Mendorong penyediaan ruang publik dengan beragam bentuk dan pendekatan merupakan wujud kesadaran akan pentingnya peran ruang publik bagi habitat perkotaan. Hal ini sebagai upaya mewujudkan harapan masyarakat untuk menikmati ruang terbuka dengan harmonisasi lingkungan asri serta fasilitas fungsional kekinian secara mudah dan tanpa biaya. Hadirnya ruang publik diharapkan menjawab kebutuhan wadah aktifitas dan interaksi sosial untuk bercengkrama, berekreasi, berolahraga maupun aktivitas seni dan budaya tanpa pembedaan strata sosial. Perwujudannya dalam bentuk taman kota, hutan kota, pedestrian, public square sekaligus berkontribusi terhadap wajah kota menjadi lebih asri dan indah. Lebih dari itu, keberadaan ruang publik tersebut juga berfungsi secara ekologis guna mereduksi tingkat polusi, menciptakan udara segar hingga menjadi daerah resapan air dan pengendali banjir.
Penyediaan ruang publik secara institusional menjadi tanggung jawab pemerintah. Namun bukan berarti swasta dan masyarakat tidak memiliki peran dan ruang partisipasi dalam pembangunannya. Kerja besar dalam pemenuhan ruang publik di perkotaan memerlukan kerja sama seluruh pihak. Hal ini mengingat pembangunan ruang publik menghadapi tantangan keterbatasan lahan bagi ruang publik, kebutuhan fungsionalitas ruang publik serta tanggung jawab menjaga dan meningkatkan kualitasnya.

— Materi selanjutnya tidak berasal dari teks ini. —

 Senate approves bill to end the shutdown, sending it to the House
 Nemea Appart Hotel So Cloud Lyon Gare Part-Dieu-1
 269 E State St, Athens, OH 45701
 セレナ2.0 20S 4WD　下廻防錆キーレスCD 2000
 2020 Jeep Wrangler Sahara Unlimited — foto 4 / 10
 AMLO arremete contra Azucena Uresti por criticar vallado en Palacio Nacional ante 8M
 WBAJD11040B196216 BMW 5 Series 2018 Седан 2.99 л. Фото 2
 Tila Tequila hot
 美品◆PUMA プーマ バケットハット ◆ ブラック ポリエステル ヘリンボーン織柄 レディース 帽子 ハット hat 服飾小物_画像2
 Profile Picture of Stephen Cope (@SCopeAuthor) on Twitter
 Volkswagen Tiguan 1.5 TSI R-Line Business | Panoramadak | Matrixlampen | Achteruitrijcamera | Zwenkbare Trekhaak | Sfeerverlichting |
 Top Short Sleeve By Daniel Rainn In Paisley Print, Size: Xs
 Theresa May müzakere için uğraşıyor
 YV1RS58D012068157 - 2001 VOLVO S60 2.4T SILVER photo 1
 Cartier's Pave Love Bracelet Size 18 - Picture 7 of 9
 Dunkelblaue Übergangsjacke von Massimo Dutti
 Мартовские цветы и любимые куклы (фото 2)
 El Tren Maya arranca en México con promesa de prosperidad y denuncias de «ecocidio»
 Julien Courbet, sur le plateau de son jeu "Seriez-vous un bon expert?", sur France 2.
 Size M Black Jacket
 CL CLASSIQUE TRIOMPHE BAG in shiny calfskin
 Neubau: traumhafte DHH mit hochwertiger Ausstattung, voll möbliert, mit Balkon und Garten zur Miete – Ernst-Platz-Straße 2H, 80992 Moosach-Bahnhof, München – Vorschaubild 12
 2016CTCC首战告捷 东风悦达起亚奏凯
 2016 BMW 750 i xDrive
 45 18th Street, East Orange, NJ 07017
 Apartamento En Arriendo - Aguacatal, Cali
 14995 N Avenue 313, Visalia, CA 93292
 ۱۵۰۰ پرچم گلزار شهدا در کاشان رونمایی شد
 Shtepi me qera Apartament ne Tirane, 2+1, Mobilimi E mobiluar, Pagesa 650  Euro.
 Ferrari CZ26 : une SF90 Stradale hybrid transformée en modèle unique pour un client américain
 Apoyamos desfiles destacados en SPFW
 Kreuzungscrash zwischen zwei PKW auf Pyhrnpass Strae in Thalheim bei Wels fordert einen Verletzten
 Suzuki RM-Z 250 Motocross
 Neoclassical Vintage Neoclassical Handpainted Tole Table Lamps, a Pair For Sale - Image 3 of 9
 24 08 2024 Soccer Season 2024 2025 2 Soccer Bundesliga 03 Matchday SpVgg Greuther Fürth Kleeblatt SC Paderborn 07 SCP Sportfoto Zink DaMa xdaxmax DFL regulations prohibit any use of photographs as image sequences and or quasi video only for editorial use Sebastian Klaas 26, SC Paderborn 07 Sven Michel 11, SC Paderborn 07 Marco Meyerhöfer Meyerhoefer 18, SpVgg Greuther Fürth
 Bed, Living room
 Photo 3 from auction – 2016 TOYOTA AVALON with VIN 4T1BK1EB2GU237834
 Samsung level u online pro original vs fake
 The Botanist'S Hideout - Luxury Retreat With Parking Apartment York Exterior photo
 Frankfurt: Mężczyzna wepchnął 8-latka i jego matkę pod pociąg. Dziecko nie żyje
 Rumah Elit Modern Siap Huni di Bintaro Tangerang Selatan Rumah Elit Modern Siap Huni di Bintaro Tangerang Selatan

Oleh sebab itu pemerintah selaku pemangku kebijakan berperan penting mengakomodir pembangunan ruang publik pembangunan tata ruang kota. Pemerintah perlu membuat terobosan dengan menjaring aspirasi masyarakat, misalnya dengan mencanangkan program satu taman untuk tiap kelurahan. Sementara sektor swasta dapat didorong perannya melalui kerjasama dengan pemerintah untuk mengembangkan tanggung jawab sosialnya dalam penyediaan lahan dan fasilitas ruang publik. Adapun masyarakat baik secara individu maupun berkelompok harus berpartisipasi menjaga dan merawat ruang-ruang publik yang tercipta agar tetap terjaga kebersihan, kenyamanan, keasrian dan kualitasnya.
Ruang publik merupakan hak bagi masyarakat yang harus terus diupayakan. Hal ini diperlukan agar keseimbangan habitat perkotaan dan pemenuhan kebutuhan manusia secara sosial dan ekologis terjaga keseimbangannya. Sebab mungkin hanya diruang publik penduduk kota berharap dapat melepas penat tanpa status sosial yang tersekat ruang berbayar. Hanya diruang publik pula penduduk kota membangun kembali hubungan ekologis ditengah kepungan pembangunan fisik kota. Sehingga dengan demikian harapan akan kehidupan kota menjadi lebih humanis dan berdampak pada peningkatan kualitas hidup masyarakat akan selalu terjaga.